** Task instructions **
The records that follow must be repeated exactly, except for their pictures.

[Provided information — start]

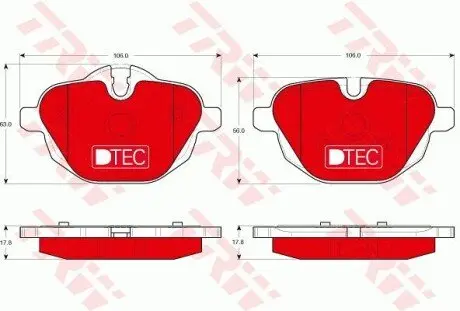 Керамические тормозные колодки задние TRW GDB1840DTE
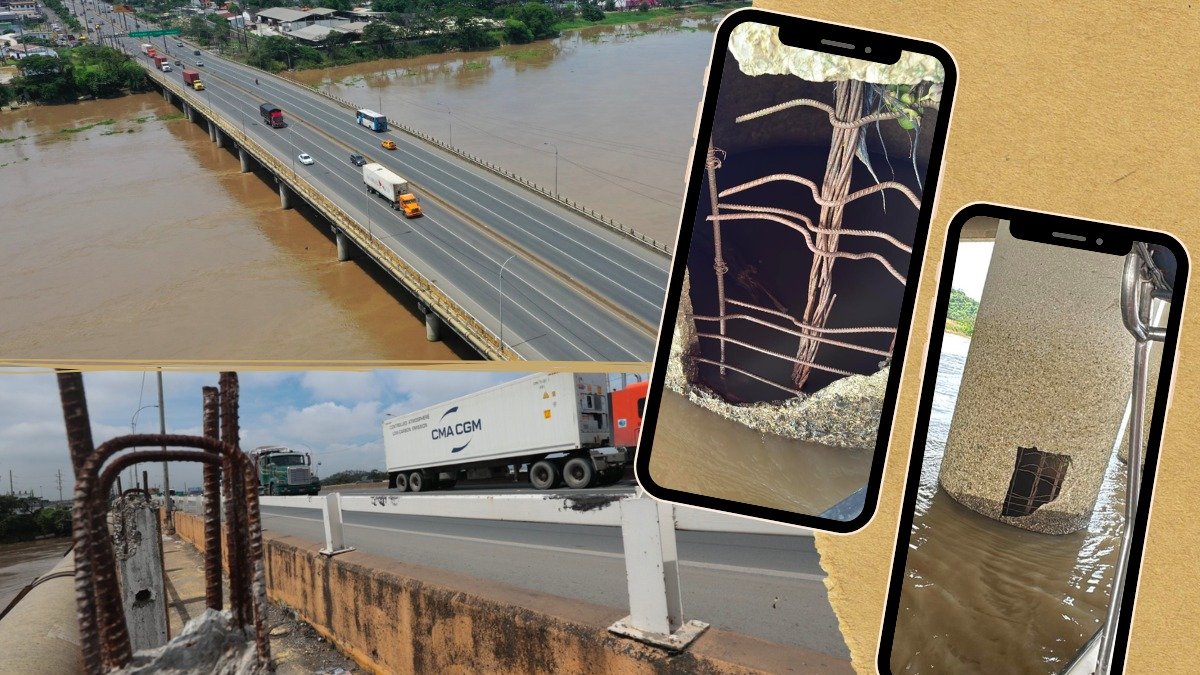 Los daños en el puente Vicente Rocafuerte son evidentes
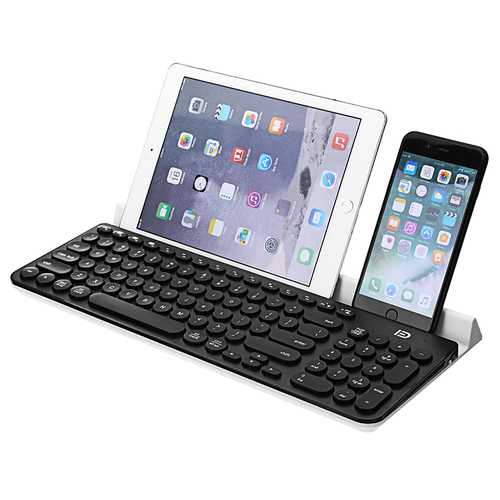 Ultra Thin Mute 104 Keys Wireless Bluetooth Keyboard Support Pair Up To 3 Different Devices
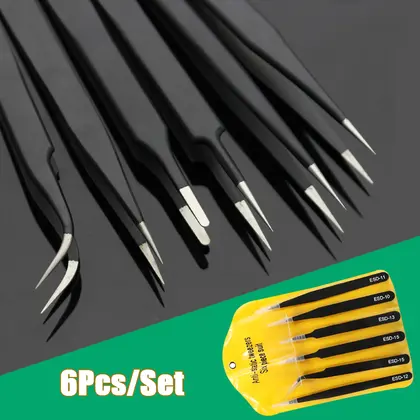 Juego de pinzas largas de precisión, pinzas de acero inoxidable antiestáticas ESD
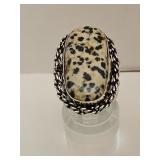 925 Silver Dolmationite Ring Sz 7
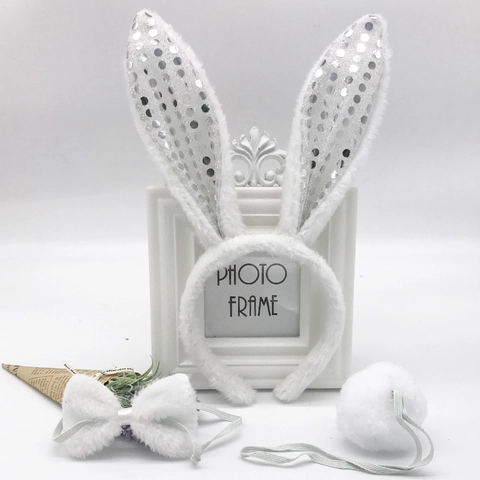 Cerchietto Con Orecchie Di Coniglio In Peluche E Papillon E Coda Paillettes Pasqua Halloween Festa Cosplay Accessori Donna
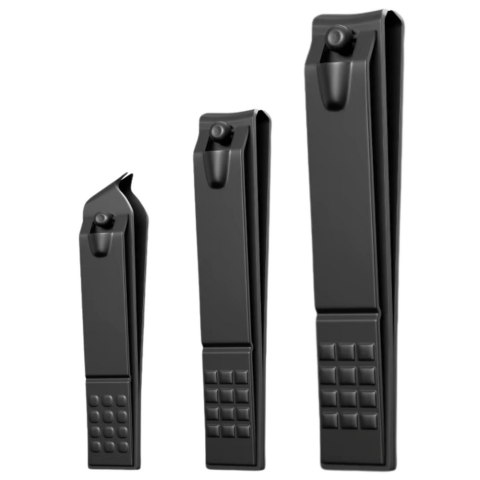 ZESTAW OBCINACZEK DO PAZNOKCI 3 SZTUKI DUŻA MAŁA SKOŚNA CZARNE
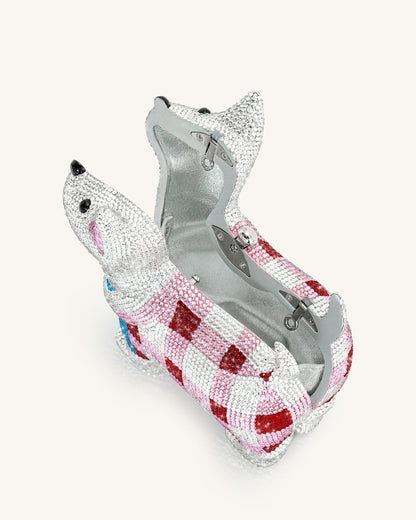Eden Puppy Shape Faux Crystal Clutch - White | JW PEI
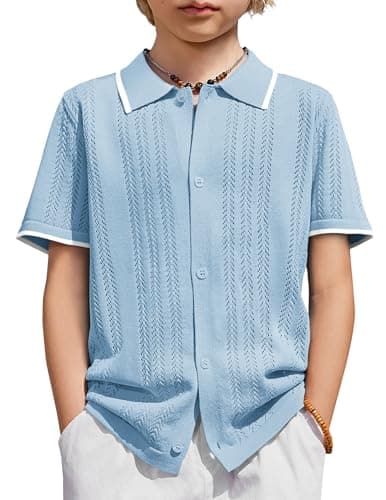 Arshiner Boys Button Down Shirt Short Sleeve Knit Shirt Summer Vintage Fashion Casual Beach Shirts for Kids 3-14 Years Light Blue
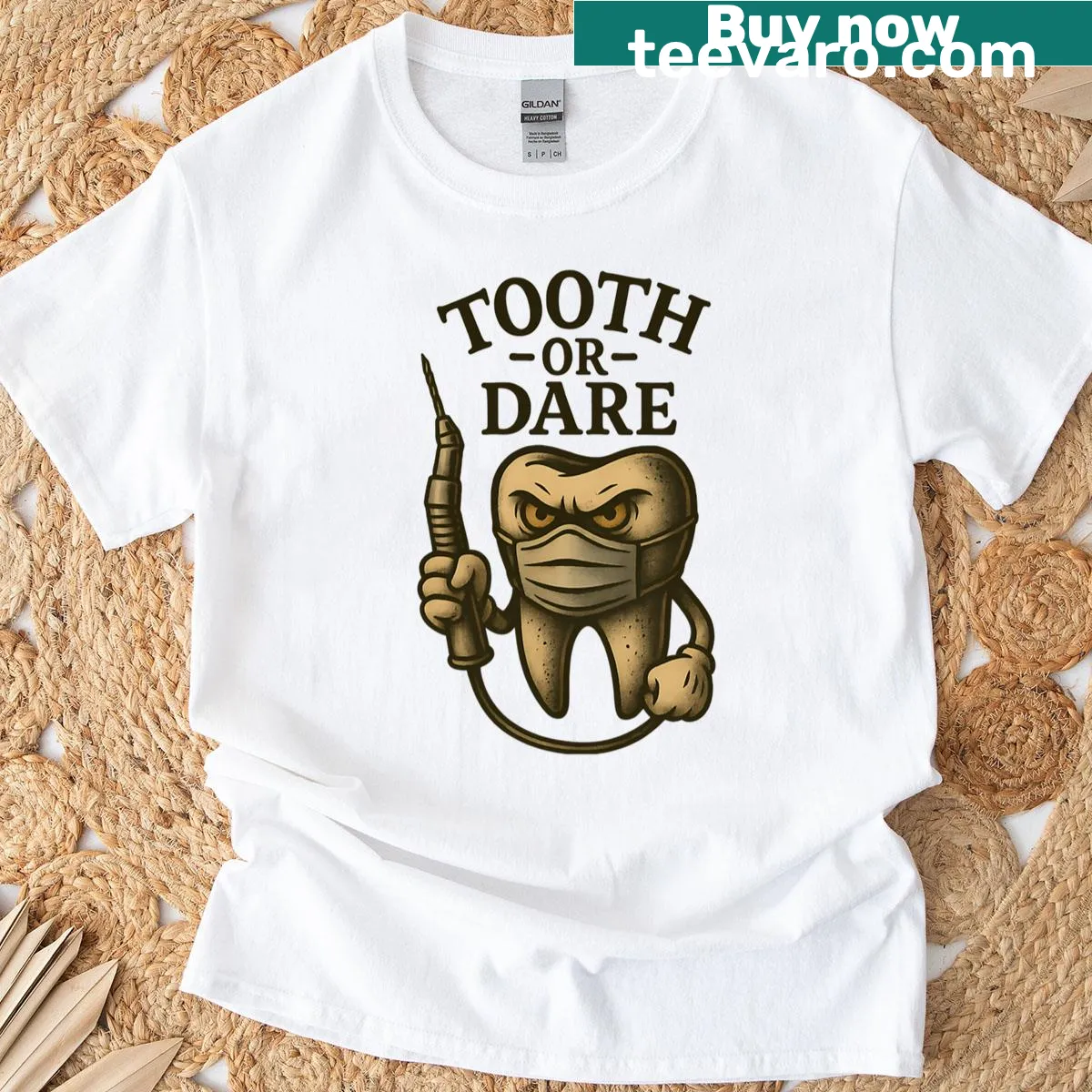 Bold tattoo-style tooth graphic on humorous T-shirt — on a men's t-shirt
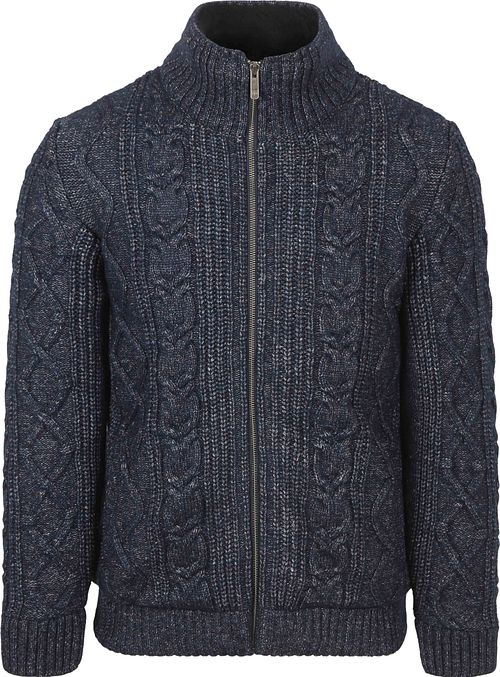 State Of Art Cardigan Cable Zip Melange Navy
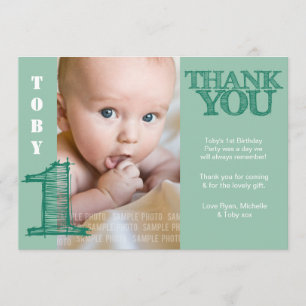 Baby Boy Green 1er anniversaire Merci Carte photo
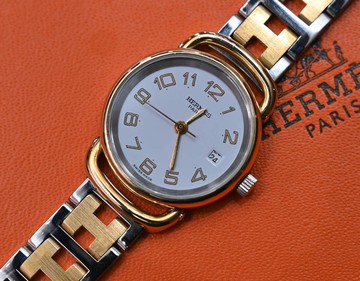 絕版古董錶 Hermes Pullman 中古二手男女裝金屬錶帶手錶 腕錶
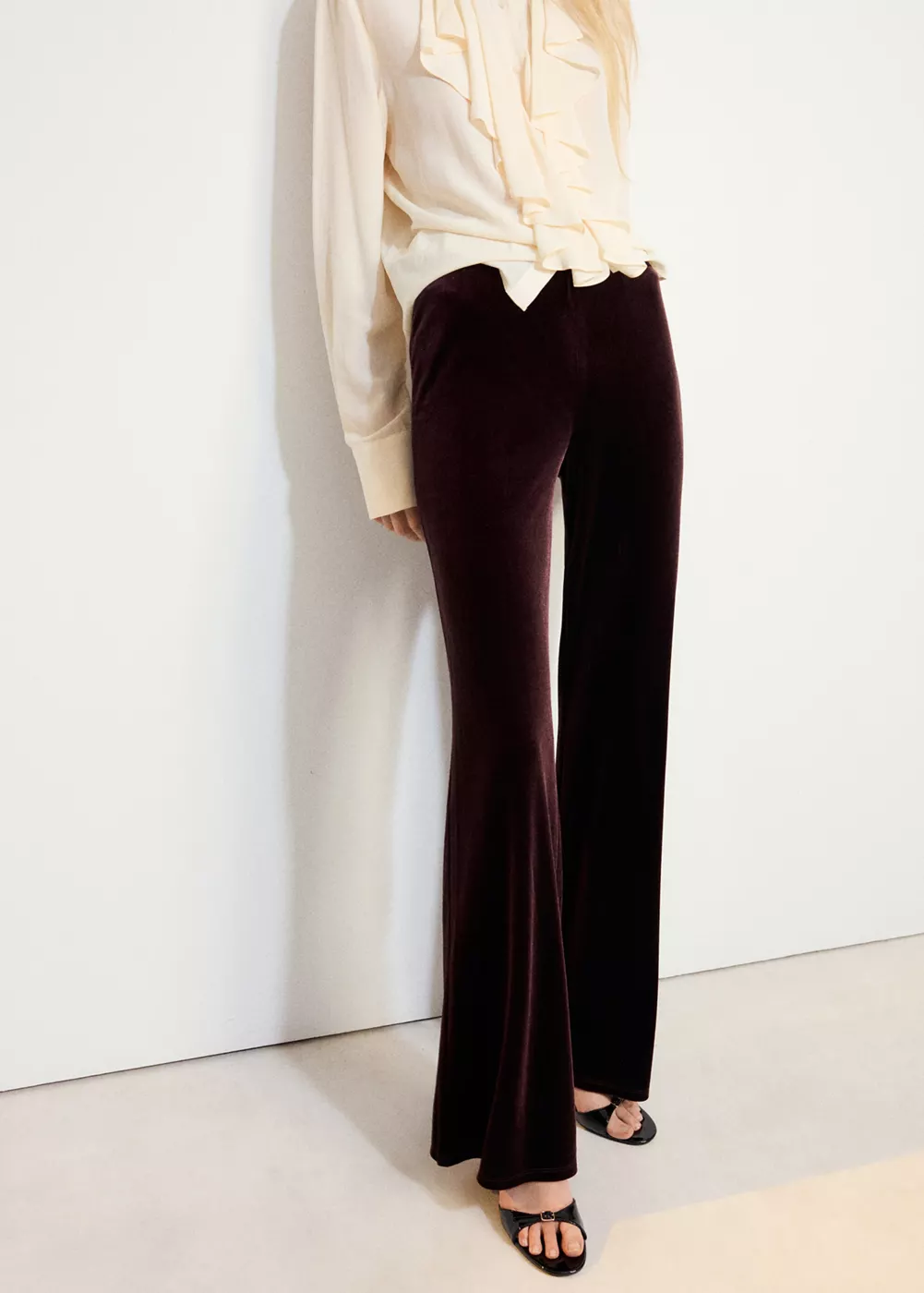 Pantalon flare velours, MANGO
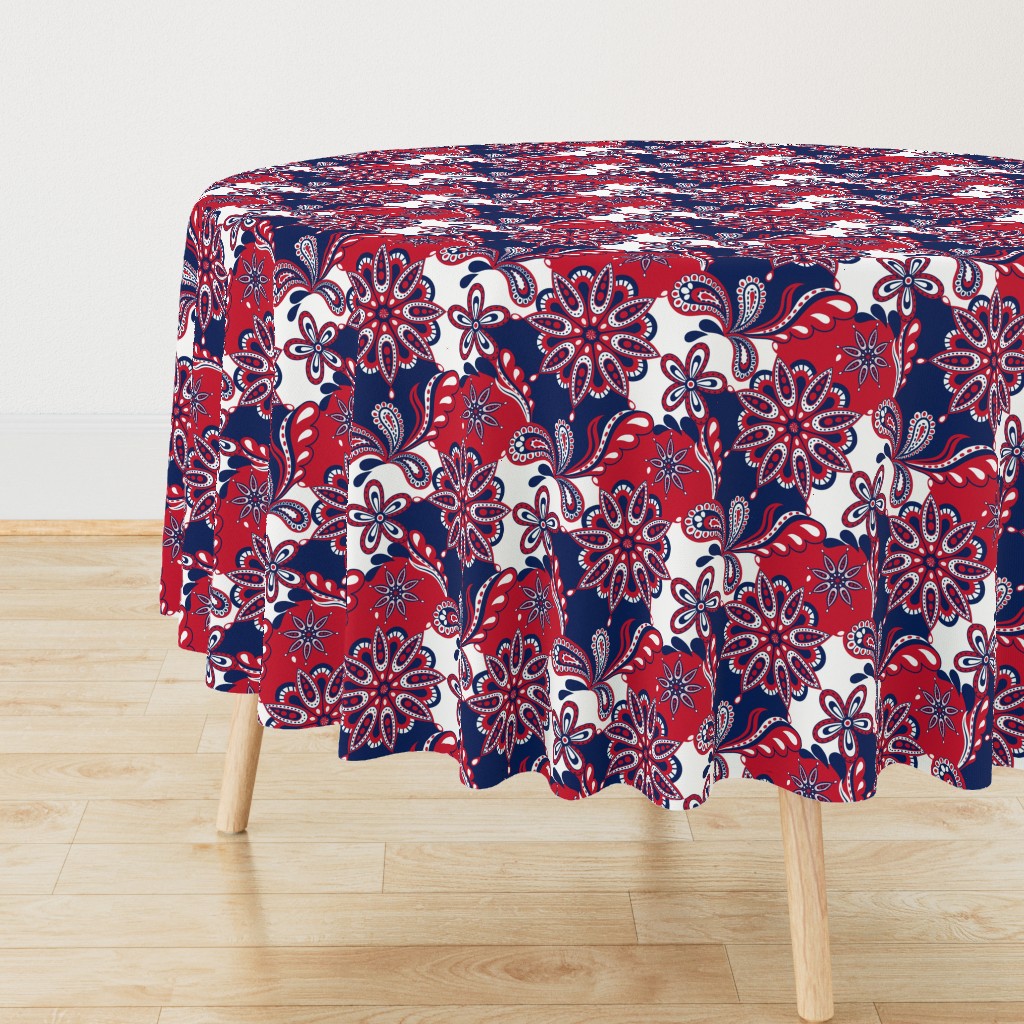 Red and blue team color Paisley Mandala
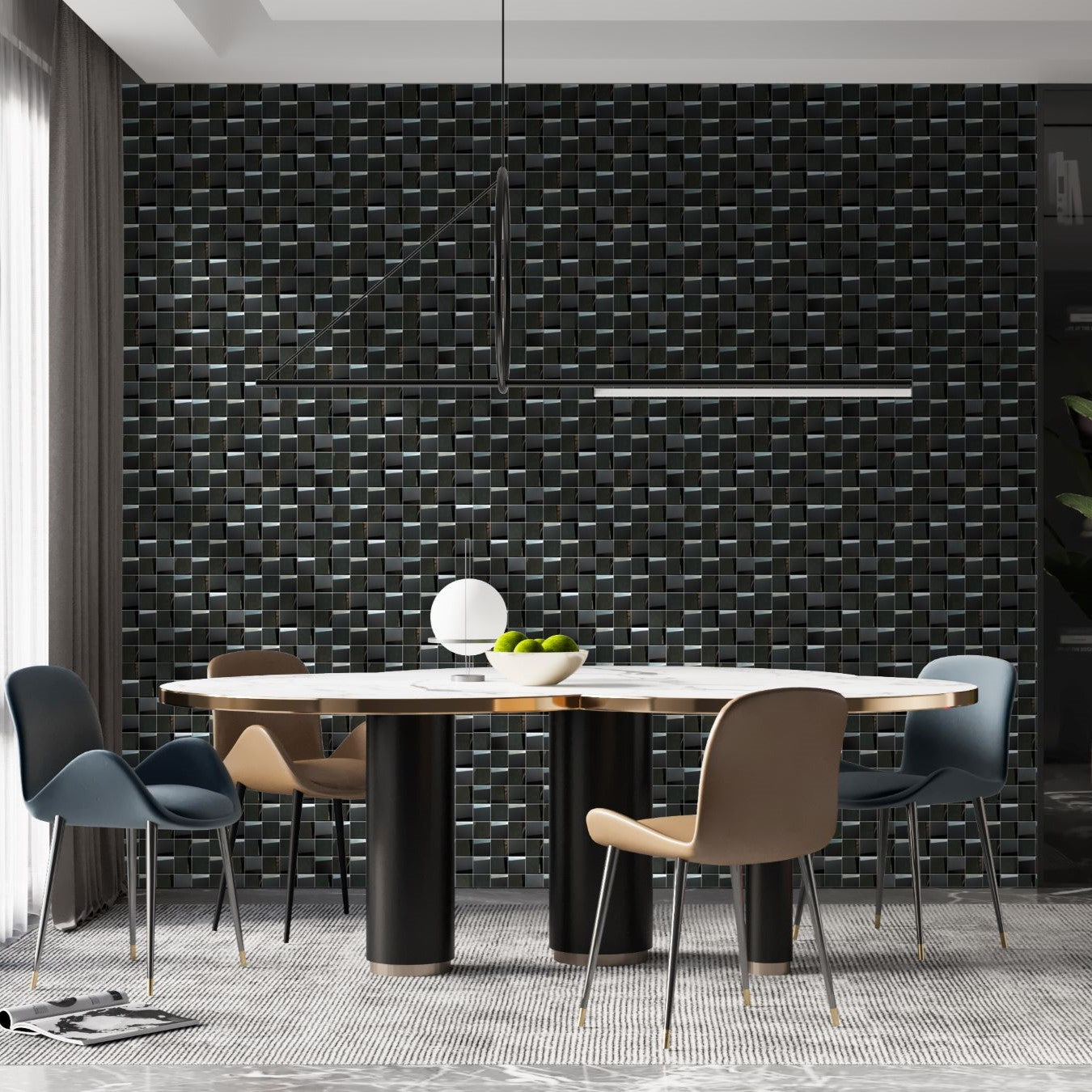 Bati-Orient-Metal-Art-12-x-12-3D-Decorative-Mosaic-Black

[Provided information — finish]

** Your solution **
 Керамические тормозные колодки задние TRW GDB1840DTE
 Los daños en el puente Vicente Rocafuerte son evidentes
 Ultra Thin Mute 104 Keys Wireless Bluetooth Keyboard Support Pair Up To 3 Different Devices
 Juego de pinzas largas de precisión, pinzas de acero inoxidable antiestáticas ESD
 925 Silver Dolmationite Ring Sz 7
 Cerchietto Con Orecchie Di Coniglio In Peluche E Papillon E Coda Paillettes Pasqua Halloween Festa Cosplay Accessori Donna
 ZESTAW OBCINACZEK DO PAZNOKCI 3 SZTUKI DUŻA MAŁA SKOŚNA CZARNE
Eden Puppy Shape Faux Crystal Clutch - White | JW PEI
 Arshiner Boys Button Down Shirt Short Sleeve Knit Shirt Summer Vintage Fashion Casual Beach Shirts for Kids 3-14 Years Light Blue
 Bold tattoo-style tooth graphic on humorous T-shirt — on a men's t-shirt
 State Of Art Cardigan Cable Zip Melange Navy
 Baby Boy Green 1er anniversaire Merci Carte photo
 絕版古董錶 Hermes Pullman 中古二手男女裝金屬錶帶手錶 腕錶
 Pantalon flare velours, MANGO
 Red and blue team color Paisley Mandala
 Bati-Orient-Metal-Art-12-x-12-3D-Decorative-Mosaic-Black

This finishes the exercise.